D’autres questions scientifiques se posent, comme par exemple celle relative à la forme de
l’univers : est-il une sphère ou une tente ? La science grecque a peu à peu établi la sphéricité
de la terre et du ciel qui l’entoure (Pythagore Parménide Platon Aristote, Ptolémée). Les
chrétiens adoptent cette cosmologue sphérique mais elle est rejetée par l’école d’Antioche,
pour laquelle la forme de l’univers est celle d’une tente ou d’une arche ou d’un coffre avec
couvercle en forme de voute.

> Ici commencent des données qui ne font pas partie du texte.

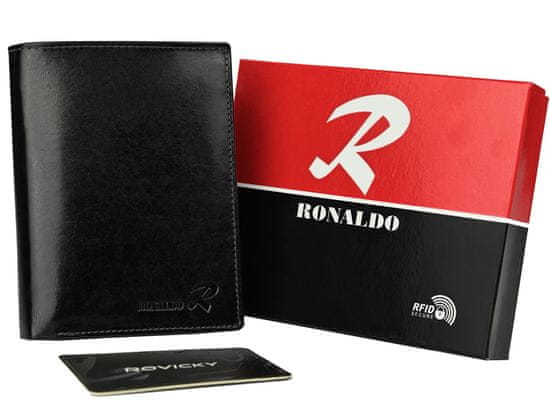 RONALDO Pánska kožená peňaženka so zabezpečením RFID Janov čierna, červená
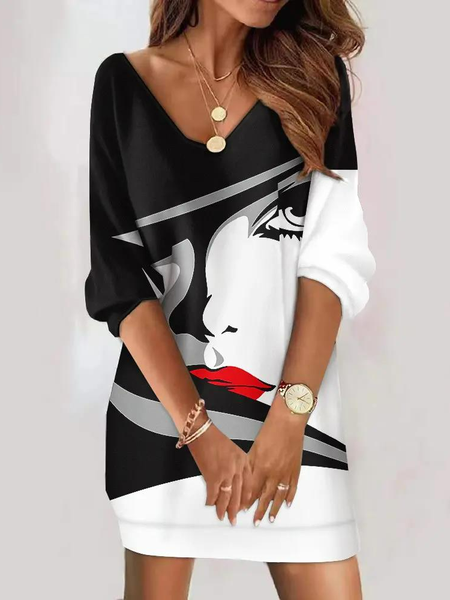 

Casual Abstract Figure Print V-Neck Casual Dress, Multicolor, Mini Dresses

Une question reste dans le fond : pour comprendre la création,
faut-il la science ou la Bible suffit ? Les réponses à cette question sont plus ou moins nuancées
chez les chrétiens (Congourdeau).
Le volume ici recensé constitue une synthèse des problèmes scientifiques majeurs posés par le
récit de la création aux lecteurs de tout temps, ainsi qu’un inventaire des solutions dégagées
dans l’histoire de l’exégèse pour les résoudre. Sur le fond, la question épineuse de la relation
des chrétiens à la nature, à la physique et, plus généralement, au corps et à la science. Nous ne
pouvons que saluer la richesse d’un volume de grand intérêt.
Francesca Prometea BARONE, IRHT, CNRS, Paris.